True. I had to make the character believable. I had a very good time working in that production. I was surrounded by a large cast of very talented artists of Indian origin.

That the show was a big success in New York too, showed that any good work of theater can find a wide audience if we are all honest about what we do.

A lot of people admired your work in the New York production of Vijay Tendulkar’s Sakharam Binder.

I would first give credit to the writer. He gives us such a compact world, full of tension and surprises that you do not have to go outside the play to make it work.

It was simply amazing. My character was full of surprises. Here is a man who thinks he can demand anything from his women, but at least one woman stands up to him.

Maria Mileaf, who directed the New York edition, is another amazing director.

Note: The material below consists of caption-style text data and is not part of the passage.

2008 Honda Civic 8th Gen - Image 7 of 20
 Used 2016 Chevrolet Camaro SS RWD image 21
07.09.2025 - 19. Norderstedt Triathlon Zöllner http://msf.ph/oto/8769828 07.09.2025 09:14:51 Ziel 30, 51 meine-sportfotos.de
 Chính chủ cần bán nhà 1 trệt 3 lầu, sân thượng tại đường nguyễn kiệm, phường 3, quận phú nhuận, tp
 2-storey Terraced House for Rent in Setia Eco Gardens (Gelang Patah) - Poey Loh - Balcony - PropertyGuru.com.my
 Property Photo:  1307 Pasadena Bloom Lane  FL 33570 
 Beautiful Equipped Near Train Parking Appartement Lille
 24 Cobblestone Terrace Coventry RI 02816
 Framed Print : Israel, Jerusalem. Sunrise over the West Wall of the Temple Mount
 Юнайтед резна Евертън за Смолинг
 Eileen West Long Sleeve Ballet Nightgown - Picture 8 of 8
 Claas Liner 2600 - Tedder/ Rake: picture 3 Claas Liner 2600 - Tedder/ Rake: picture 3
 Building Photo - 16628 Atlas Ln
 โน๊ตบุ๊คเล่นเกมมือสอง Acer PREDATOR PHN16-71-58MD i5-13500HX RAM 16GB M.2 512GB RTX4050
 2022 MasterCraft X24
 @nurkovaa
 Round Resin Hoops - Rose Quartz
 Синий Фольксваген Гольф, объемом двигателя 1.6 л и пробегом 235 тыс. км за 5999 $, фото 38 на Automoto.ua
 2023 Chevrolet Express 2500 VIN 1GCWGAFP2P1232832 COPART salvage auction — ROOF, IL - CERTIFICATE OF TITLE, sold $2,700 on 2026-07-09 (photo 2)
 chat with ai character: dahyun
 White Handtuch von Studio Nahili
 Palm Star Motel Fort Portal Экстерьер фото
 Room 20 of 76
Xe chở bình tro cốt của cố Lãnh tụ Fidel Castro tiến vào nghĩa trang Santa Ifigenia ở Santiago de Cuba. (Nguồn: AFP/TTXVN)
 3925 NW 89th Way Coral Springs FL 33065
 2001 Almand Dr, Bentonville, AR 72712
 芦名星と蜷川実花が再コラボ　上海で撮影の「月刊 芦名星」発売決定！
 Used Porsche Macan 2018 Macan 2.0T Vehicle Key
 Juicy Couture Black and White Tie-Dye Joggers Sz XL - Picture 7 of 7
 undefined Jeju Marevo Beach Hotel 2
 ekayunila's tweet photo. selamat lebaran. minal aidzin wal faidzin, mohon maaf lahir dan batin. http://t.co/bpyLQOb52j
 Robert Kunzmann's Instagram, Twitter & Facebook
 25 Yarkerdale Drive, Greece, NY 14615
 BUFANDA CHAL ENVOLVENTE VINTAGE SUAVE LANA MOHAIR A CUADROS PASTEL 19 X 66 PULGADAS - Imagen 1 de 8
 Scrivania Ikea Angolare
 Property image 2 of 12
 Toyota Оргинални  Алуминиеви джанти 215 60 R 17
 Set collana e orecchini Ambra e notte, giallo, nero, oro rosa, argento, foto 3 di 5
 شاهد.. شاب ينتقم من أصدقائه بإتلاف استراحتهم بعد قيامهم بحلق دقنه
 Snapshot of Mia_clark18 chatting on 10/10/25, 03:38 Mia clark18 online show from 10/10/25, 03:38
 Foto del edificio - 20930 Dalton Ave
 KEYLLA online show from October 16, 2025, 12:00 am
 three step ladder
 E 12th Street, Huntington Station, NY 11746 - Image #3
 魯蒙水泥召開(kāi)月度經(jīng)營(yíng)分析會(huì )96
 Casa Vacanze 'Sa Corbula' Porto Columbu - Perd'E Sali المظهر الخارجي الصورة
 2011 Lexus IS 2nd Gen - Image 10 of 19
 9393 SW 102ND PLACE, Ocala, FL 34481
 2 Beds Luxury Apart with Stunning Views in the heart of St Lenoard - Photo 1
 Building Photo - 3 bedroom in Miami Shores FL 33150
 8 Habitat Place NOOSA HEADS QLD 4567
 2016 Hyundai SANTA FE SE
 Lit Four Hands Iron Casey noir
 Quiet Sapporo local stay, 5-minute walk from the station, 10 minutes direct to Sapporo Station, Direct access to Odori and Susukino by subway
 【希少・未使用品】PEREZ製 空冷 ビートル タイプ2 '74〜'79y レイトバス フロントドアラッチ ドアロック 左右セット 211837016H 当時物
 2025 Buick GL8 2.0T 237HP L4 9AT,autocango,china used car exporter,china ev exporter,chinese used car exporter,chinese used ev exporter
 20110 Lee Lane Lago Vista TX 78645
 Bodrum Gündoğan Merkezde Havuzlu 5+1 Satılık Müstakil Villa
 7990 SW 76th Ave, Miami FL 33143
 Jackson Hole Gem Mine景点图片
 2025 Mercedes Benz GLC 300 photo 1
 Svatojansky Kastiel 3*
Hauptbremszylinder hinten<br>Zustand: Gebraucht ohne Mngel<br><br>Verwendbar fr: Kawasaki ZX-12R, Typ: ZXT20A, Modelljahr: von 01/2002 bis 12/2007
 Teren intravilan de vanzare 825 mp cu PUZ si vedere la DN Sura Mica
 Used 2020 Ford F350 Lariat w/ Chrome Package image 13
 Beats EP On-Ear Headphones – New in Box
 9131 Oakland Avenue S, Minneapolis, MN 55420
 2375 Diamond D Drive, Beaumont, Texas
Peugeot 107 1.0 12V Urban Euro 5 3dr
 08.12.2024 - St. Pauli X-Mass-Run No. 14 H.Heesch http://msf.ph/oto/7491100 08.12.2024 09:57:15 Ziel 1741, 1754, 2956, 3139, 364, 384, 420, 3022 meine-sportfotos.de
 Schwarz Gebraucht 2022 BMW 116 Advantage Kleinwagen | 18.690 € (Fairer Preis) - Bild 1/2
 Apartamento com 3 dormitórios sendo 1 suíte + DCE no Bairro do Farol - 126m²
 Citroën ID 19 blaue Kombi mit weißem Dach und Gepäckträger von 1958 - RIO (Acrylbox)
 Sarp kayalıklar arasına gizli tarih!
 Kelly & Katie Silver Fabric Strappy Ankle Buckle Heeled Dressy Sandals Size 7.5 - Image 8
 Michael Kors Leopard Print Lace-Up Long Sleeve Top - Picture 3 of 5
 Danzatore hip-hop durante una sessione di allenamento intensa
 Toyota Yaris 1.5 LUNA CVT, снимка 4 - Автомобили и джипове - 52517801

A big part of the pleasure of being in this profession is working with people like Maria, Mira and Donnellan.

Do you watch your films?

I don’t like to for I will be analyzing them, wondering why I did a particular thing or why I did not do a particular thing. There is some truth to when actors say they do not watch their own films.

But if I watch them, I do so to see the bigger picture, how the film has shaped up, what the director and editor have done with it, and also to watch the other artists.

I have been lucky to have acted with some very fine artists in films, on TV and on stage.

Apart from reading, what else gives you joy?

I lead a simple life. You will often find me riding my bicycle to my work in New York or going to my favourite coffee shop.

I have a family (she has a daughter) but I do not speak about them.